The identification and extraction of the vocal elements from the vocalist's live performance could be performed at the remote venue. Alternatively, the identification and extraction of vocal elements from the vocal stream could be performed at the live performance venue. Dynamically controlling the timing of the prerecorded vocal backing track typically takes place at the live performance venue, but could take place at the remote location. The front-of-house mix engineer, or the playback engineer, may choose whether to send the dynamically-synchronized prerecorded vocal backing track or the vocalist's remote live vocal performance through the speakers to the audience. In either case, the video that the audience sees, and audio that the audience hears, are synchronized, without any modification to the video. This is because the video is a true representation of the vocalist's remote live vocal performance. With the prerecorded vocal backing track dynamically aligned to the vocalist's remote live vocal performance, the audience will hear the prerecorded vocal backing track in synch with the video that they see.

In another example, a second vocalist, such as a fan, may sing vocals of a first vocalist's songs on an interactive music platform. For example, a fan may perform the vocals of professional artist's song. The second vocalist's vocal performance is used as the control vocal to drive timing adjustments to the first vocalist's prerecorded vocal backing track. This reverses the conventional direction of alignment. In a conventional scenario, such as performing Karaoke, the second vocalist's performance follows the artist's prerecorded track and is what is heard by their audience. In contrast, using the methods, system, and devices of this disclosure, the second vocalist's live vocal performance is as a control input to modify the timing, and optionally, prosody factors, of the prerecorded vocal backing track of the first vocalist. This results in an output where only the first vocalist's voice, from the prerecorded vocal backing track, is heard, but with timing and phrasing following the second vocalist's performance.

The second vocalist's live vocal performance may be used to produce a duet with the prerecorded vocal backing track of the first vocalist. As described above, the second vocalist's live vocal performance modifies the timing of the prerecorded vocal backing track and may also be used to adjust prosody factors of the original vocalist's performance on the prerecorded vocal backing track. In this scenario, however, the second vocalist's vocal performance is retained in the final mix includes both a mix of the second vocalist's live vocal performance and the original artist's vocal performance. In one instance, the relative level between the second vocalist's live vocal performance and the original artist's vocal performance may be set to a predetermined ratio, or mix. In another instance, the relative level between the second vocalist's live vocal performance and the original artist's vocal performance may be may be adjustable. Alternatively, the second vocalist may choose between a predetermined mix or an adjustable mix.

The following are examples of how the Inventor's systems, devices, and methods may be applied to scenarios where time aligning a vocal performance or adjusting prosody factors do not necessarily need to be carried out in realtime.

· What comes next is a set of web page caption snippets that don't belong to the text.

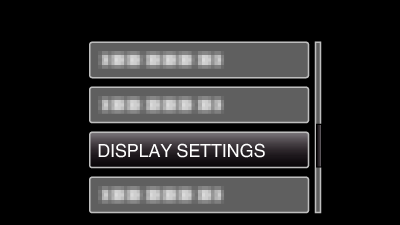 DISPLAY SETTINGS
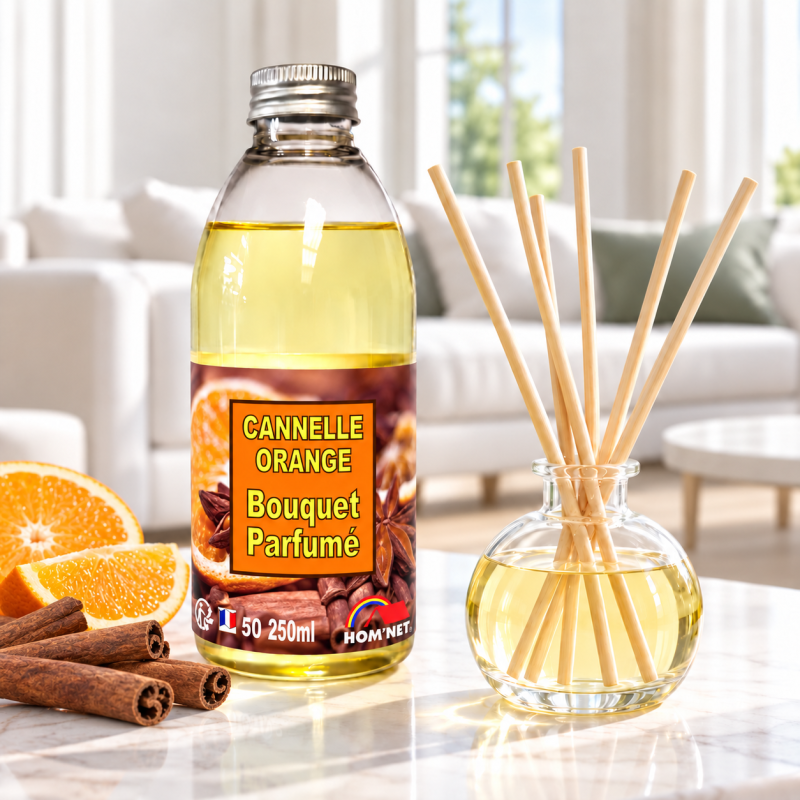 BOUQUET PARFUME CANNELLE ORANGE RECHARGE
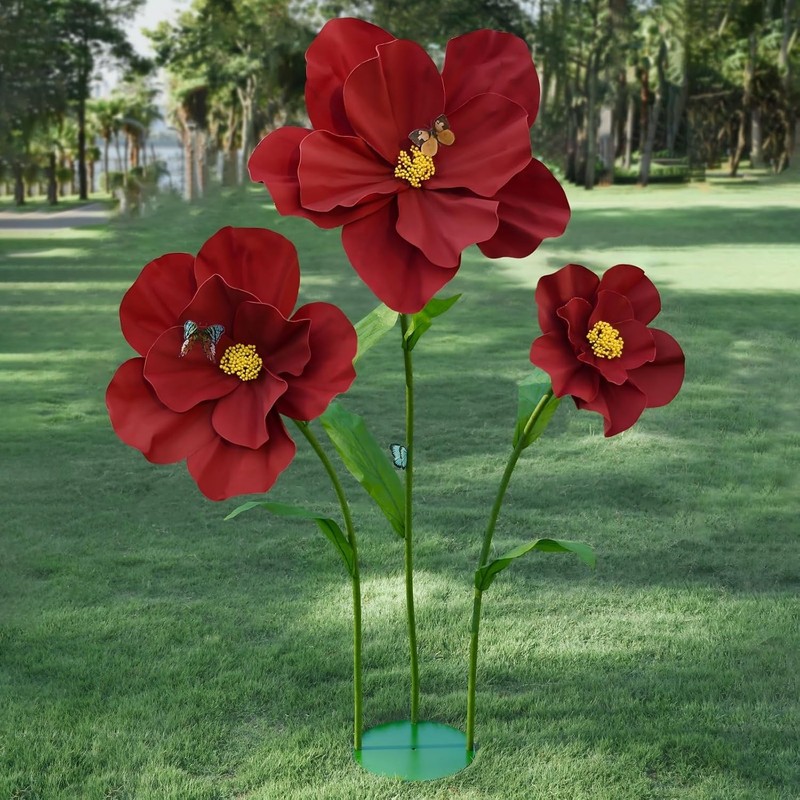 5.8ft Giant Artificial Flowers for Decoration, Large EVA Floral Decorations, gallery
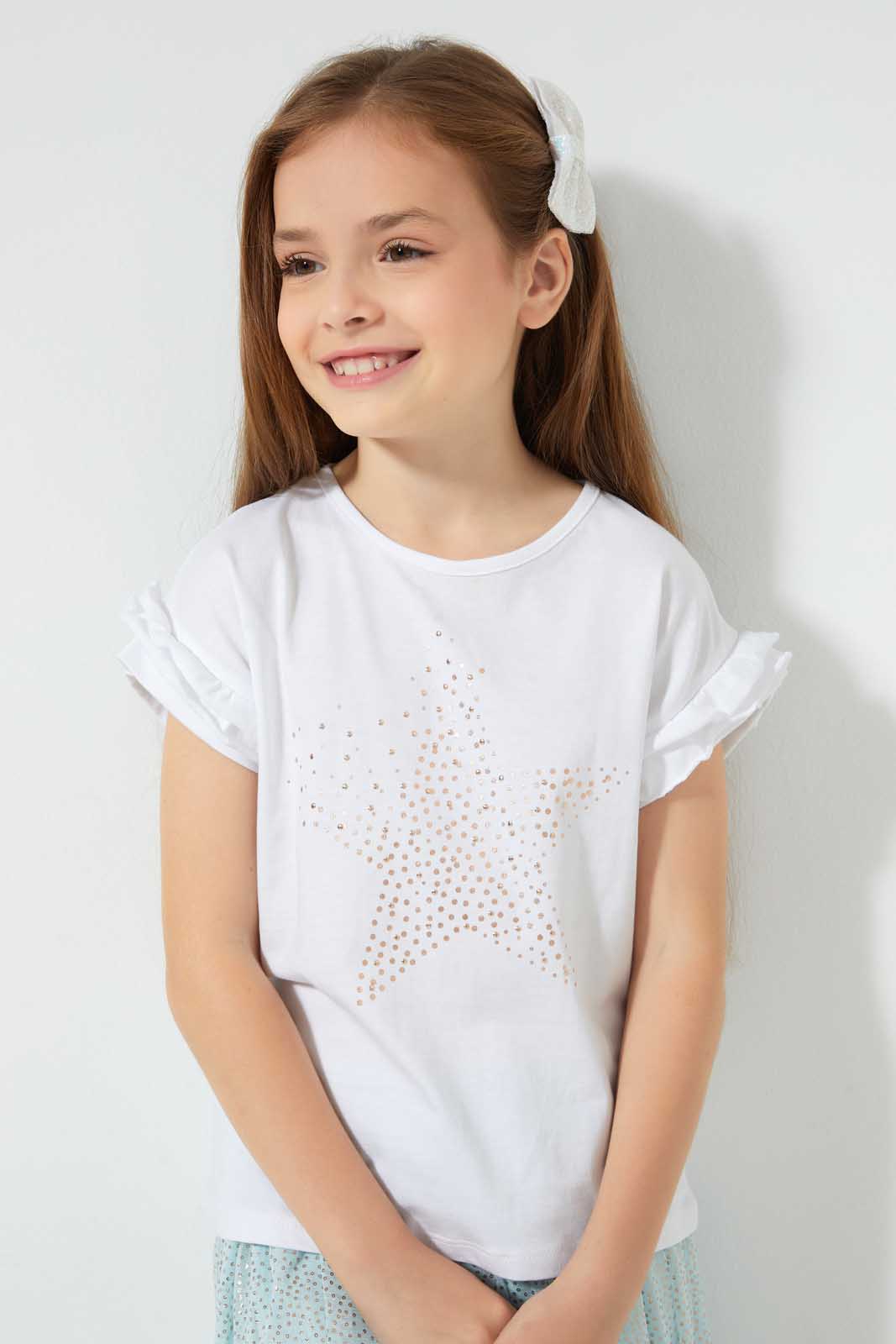 Redtag-Mint-Printed-Skirt-Set-Category:Sets,-Colour:Mint,-Festive,-Filter:Girls-(2-to-8-Yrs),-Girls-Sets,-Non-Sale,-S22C,-Section:Girls-(0-to-14Yrs)-Girls-2 to 8 Years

An example where the Inventor's systems, devices, and methods need not be carried out in realtime is in motion pictures, television shows, or music videos. Currently, in the motion picture, television, and music video industries, a performer, such as an actor or singer, mimes or mimics a prerecorded vocal backing track. The prerecorded vocal backing track may include their own, or someone else's performance.

The Inventor's systems, devices, and methods time-align the prerecorded vocal backing track to the motion picture visual images by dynamically controlling the timing, and optionally, prosody factors, of the prerecorded vocal backing track using the vocal elements extracted from the performer's vocal performance. The performer's singing is recorded while making the motion picture or music video. Vocal elements are extracted from the recording and, optionally, a timing map may be created. Vocal elements extracted from the vocalist's performance may be used to control the prerecorded vocal track during post production, or editing. This results in audio that is lip synchronized to the motion picture or video stream without manipulation of video or video timing.

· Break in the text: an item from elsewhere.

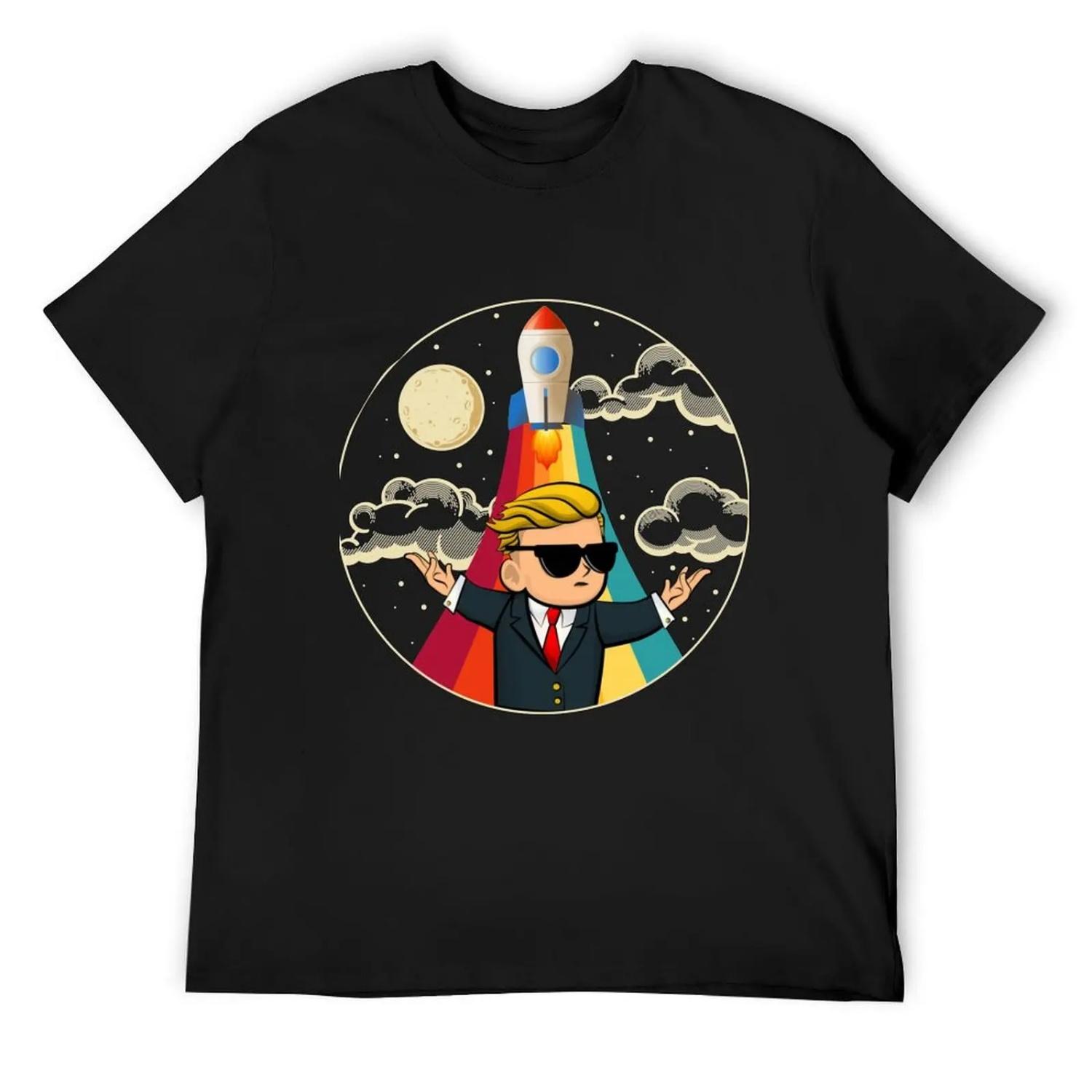 

AMC GME TO THE MOON T-Shirt Personalized t-shirt vintage anime shirt for a boy essential t shirt shirts graphic tee men XXXXXL різнокольоровий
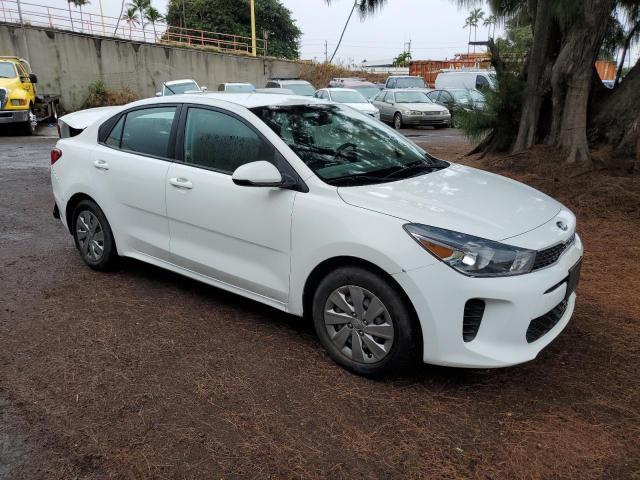 3KPA24AD4LE266446 - 2020 KIA RIO LX WHITE photo 4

Using the same principle, a fan or other content creator could record audio and video of themselves singing on their mobile device or computer and upload the saved performance to a cloud-based platform. Examples of cloud-based platform, include YouTube, Vimeo, TikTok, or Instagram. Vocal elements extracted from the uploaded file control the timing, and optionally, prosody factors, of a prerecorded vocal backing track to match the fan or content creator's performance.

For example, a fan, or content creator, could record a video of themselves, or someone else, performing a cover of an artist's prerecorded vocal track. A music cover tool, using aspects of the Inventor's systems, methods, or devices, could synchronize or modify prosody factors of the artist's prerecorded vocal track to the fan's vocal performance. The resulting time synchronized, or prosody factor-modified prerecorded vocal backing track can be combined with the original video image file and published on the cloud-based platform.

In one scenario, the process of vocal element extraction, time-alignment, or prosody factor adjustment may take place on the fan's mobile device or personal computer. The resulting video file containing the synchronized vocal backing track could be uploaded to the cloud-based platform for publication. In another scenario, the process could take place on the cloud-based platform, or other remote server or servers. For example, the fan would upload the audio and video file of their performance, or combined audio and video file, and the cloud-based platform would do the vocal element extraction and time-alignment of the prerecorded vocal backing track. In yet another scenario, part of the process could take place on the fan's computer or mobile device while the remainder of the process could take place on the cloud-based platform.

A prerecorded vocal backing track could be time synchronized or prosody-factor adjusted from a synthetically generated voice. A synthetically generated voice, with specified timing or voice prosody could be used to adjust or correct audio recordings in a recording studio environment or in post-production. For persons with vocal disabilities, but with control over a synthetically generated voice, the Inventor's systems, methods, and devices described herein could use the person's synthetic voice to control the timing and prosody of a prerecorded vocal backing track. The prerecorded vocal backing track could be for example, sung words or spoken words. A robot with synthetic vocal capabilities could use their voice to control the timing or prosody of a prerecorded vocal backing track.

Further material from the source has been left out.